ACTION ITEM
Give back every entry exactly as it is written, but not the pictures.

Stored data entries
Content starts

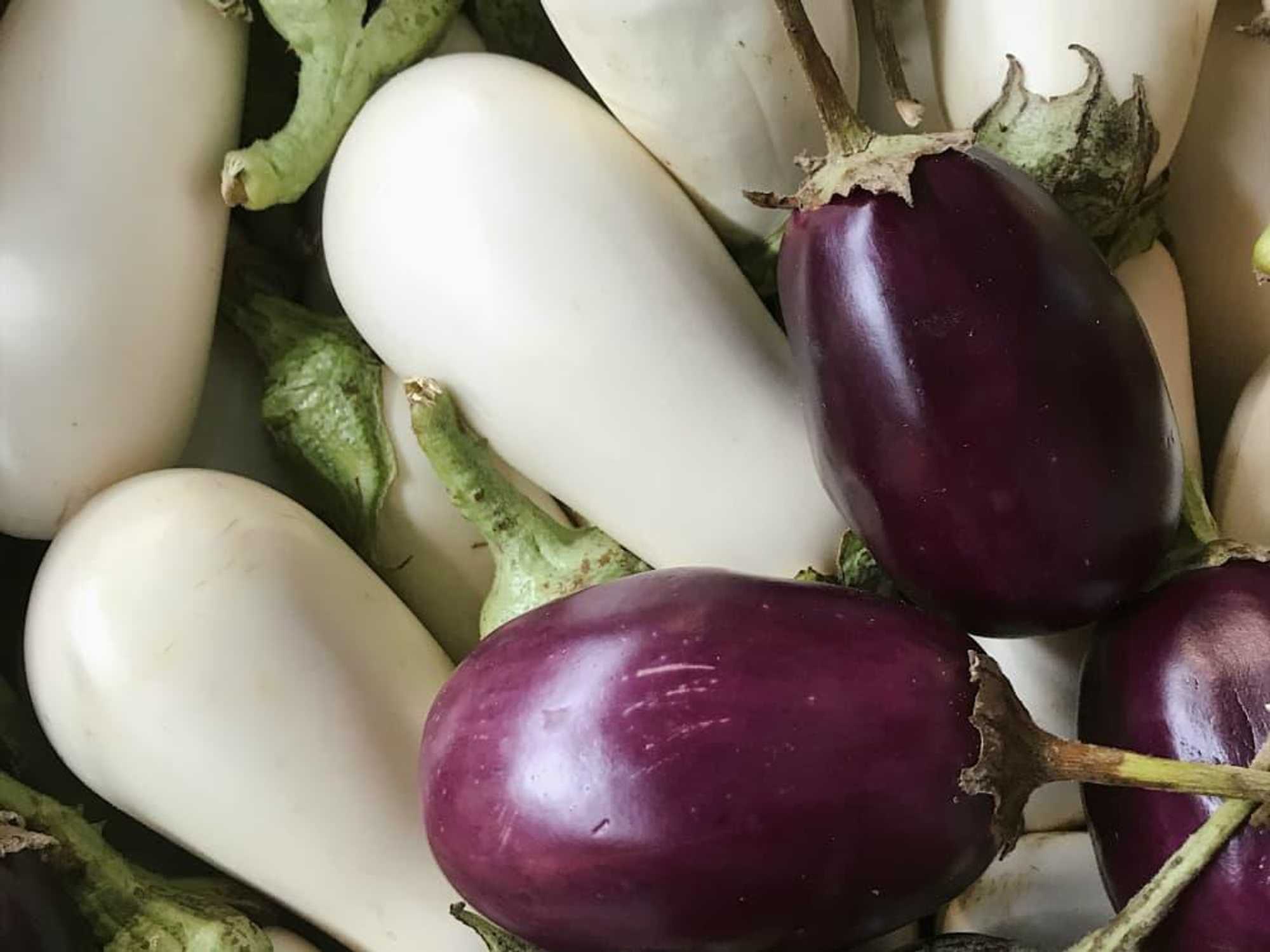 Dallas Farmers Market summer produce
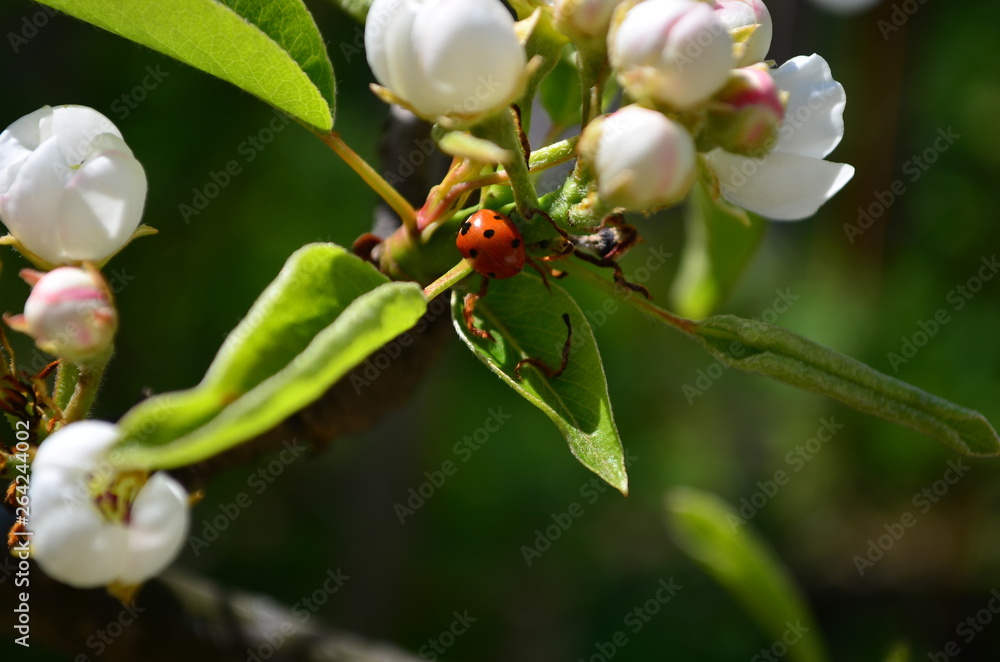 pear branch with white flowers and buds pear branch with white flowers and buds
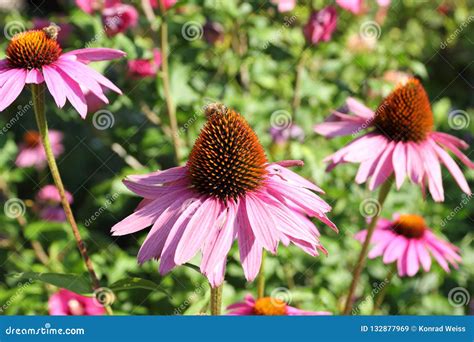 Close Up Of A Purple Hollyhock Alcea Rosea Stock Image Image Of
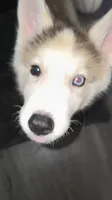 KaTAI, a male Siberian Husky for sale in Lacey, WA – 3 of 4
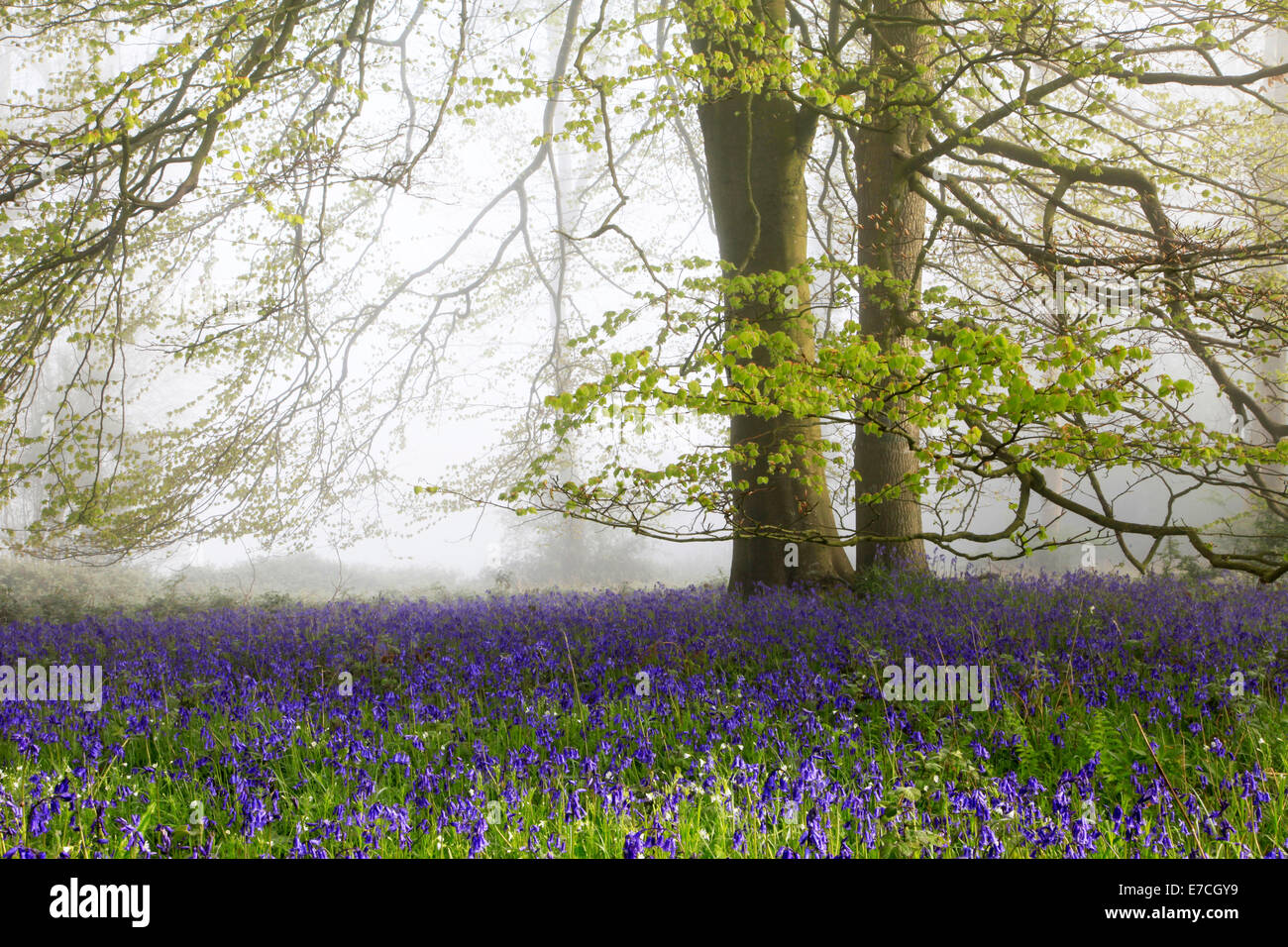 Bluebells e faggi in una nebbiosa mattina in legno Grovely, vicino a Wilton nel Wiltshire, Inghilterra. Foto Stock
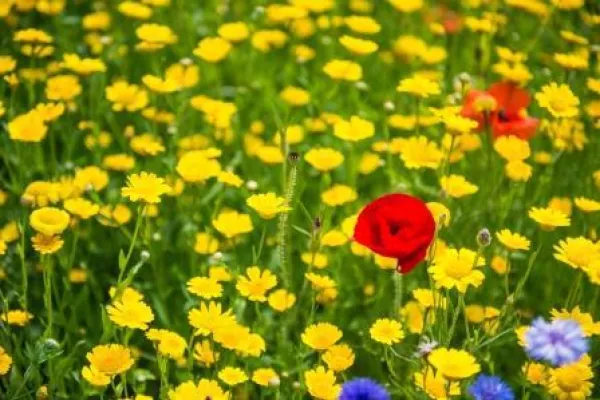 Bild: Das Fichtelgebirge als Vorreiter im Arnika-Schutz: Spezielle Themenwege, eigene Arnika-Tinktur & Co.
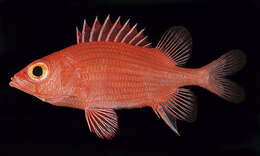 Image of Spiny squirrelfish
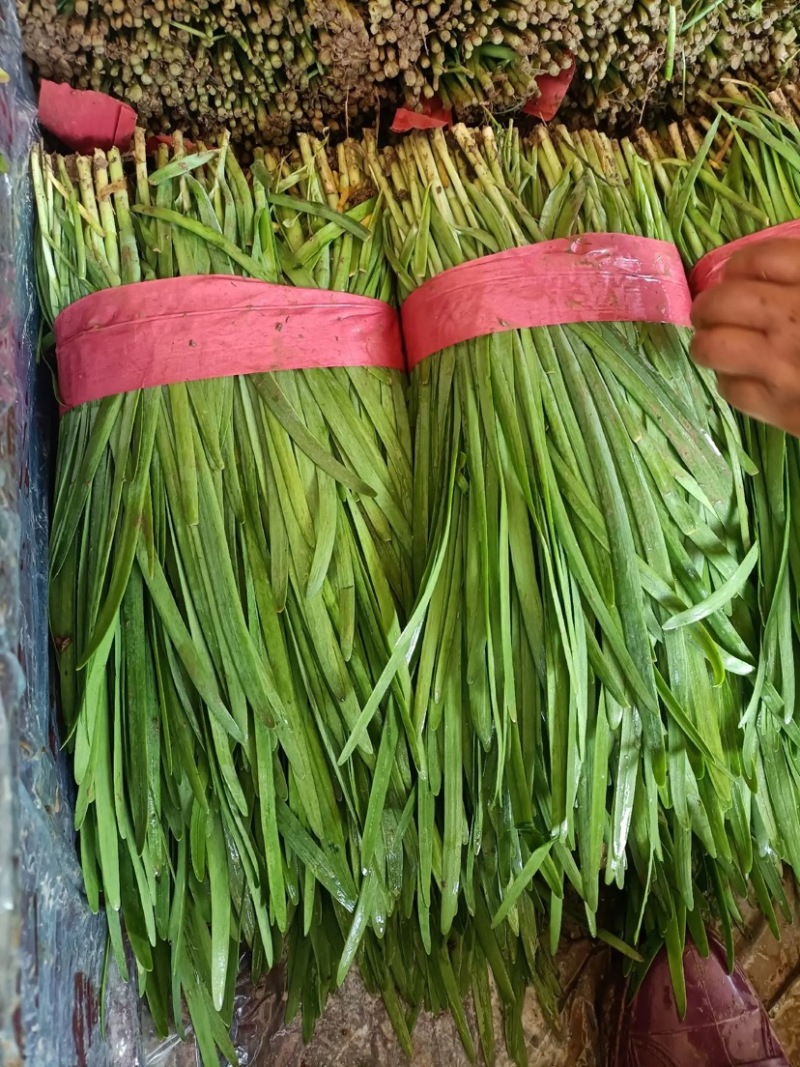推荐精品湖北本地大叶韭菜全国发货提供视频看货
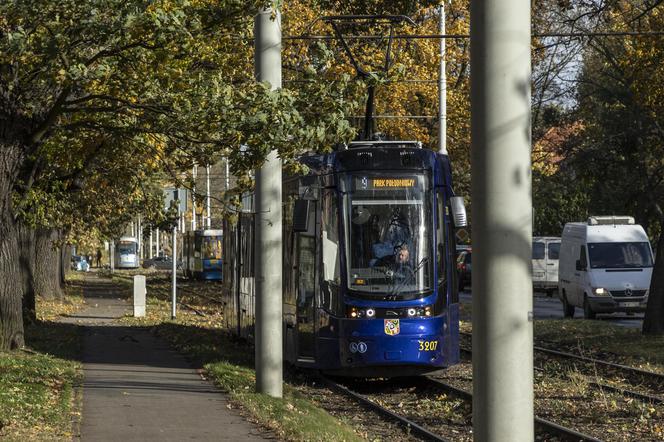 Wichura Wrocław drzewo tramwaj   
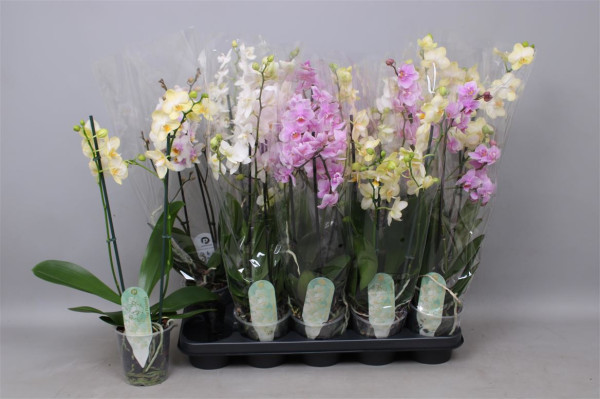 Phal Mf Gem 3 Kl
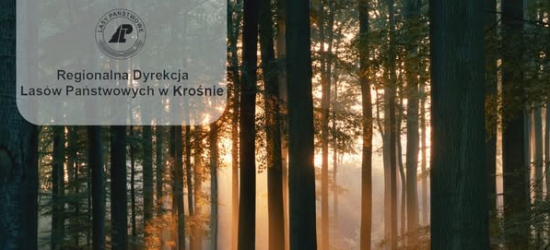 Spotkania w RDLP w Krośnie w sprawie systemu certyfikacji FSC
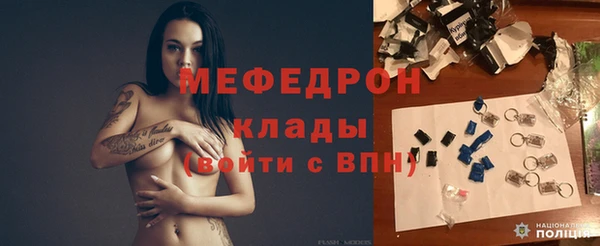 индика Осинники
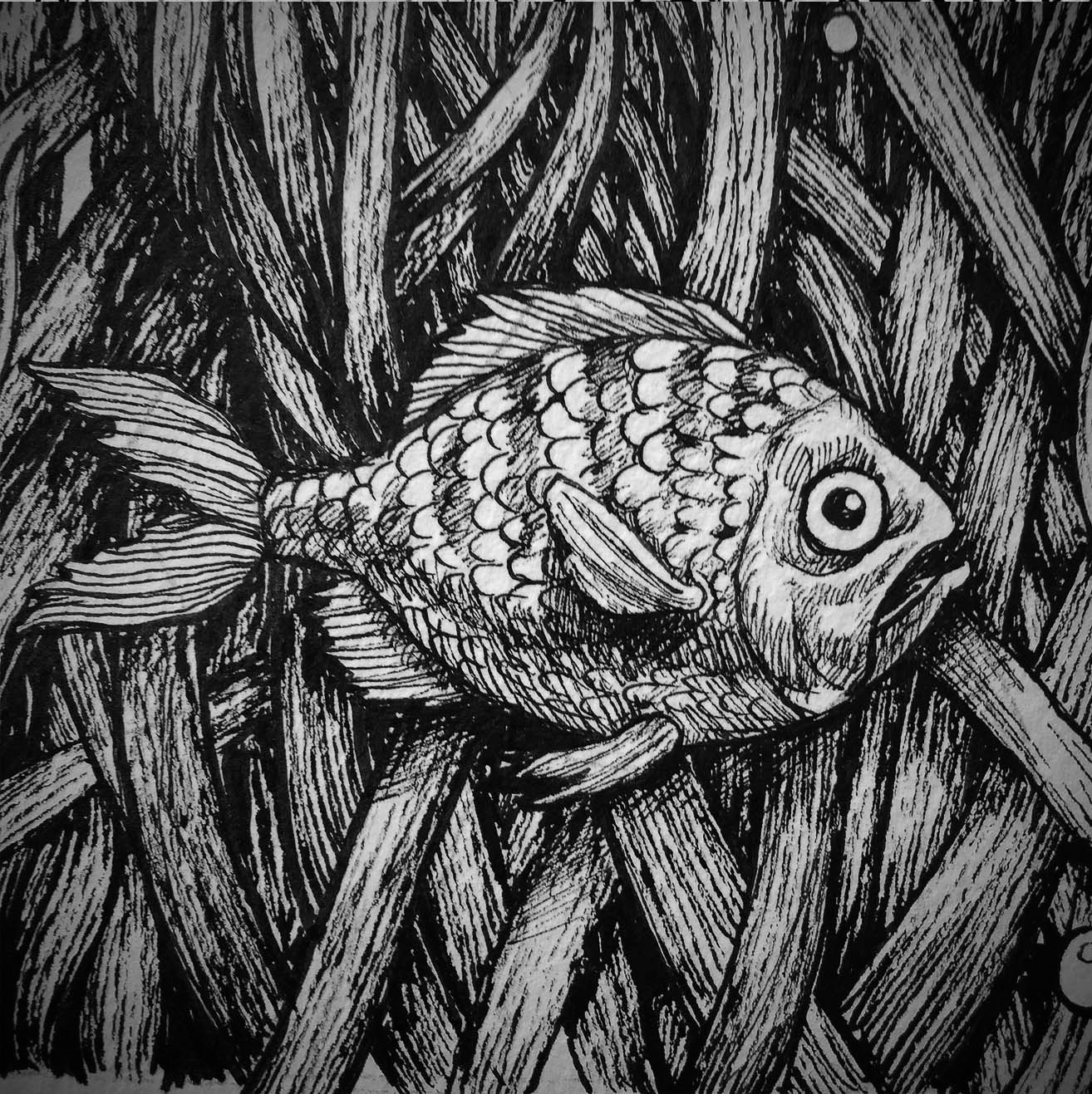 Budweiser - Your Tour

Content ends

OUTPUT
 Dallas Farmers Market summer produce
 pear branch with white flowers and buds pear branch with white flowers and buds
 Close Up Of A Purple Hollyhock Alcea Rosea Stock Image Image Of
 KaTAI, a male Siberian Husky for sale in Lacey, WA – 3 of 4
 Bluebells e faggi in una nebbiosa mattina in legno Grovely, vicino a Wilton nel Wiltshire, Inghilterra. Foto Stock
 Bild: Das Fichtelgebirge als Vorreiter im Arnika-Schutz: Spezielle Themenwege, eigene Arnika-Tinktur & Co.
 Image of Spiny squirrelfish
推荐精品湖北本地大叶韭菜全国发货提供视频看货
 Wichura Wrocław drzewo tramwaj   
 Phal Mf Gem 3 Kl
 Spotkania w RDLP w Krośnie w sprawie systemu certyfikacji FSC
 индика Осинники
 Budweiser - Your Tour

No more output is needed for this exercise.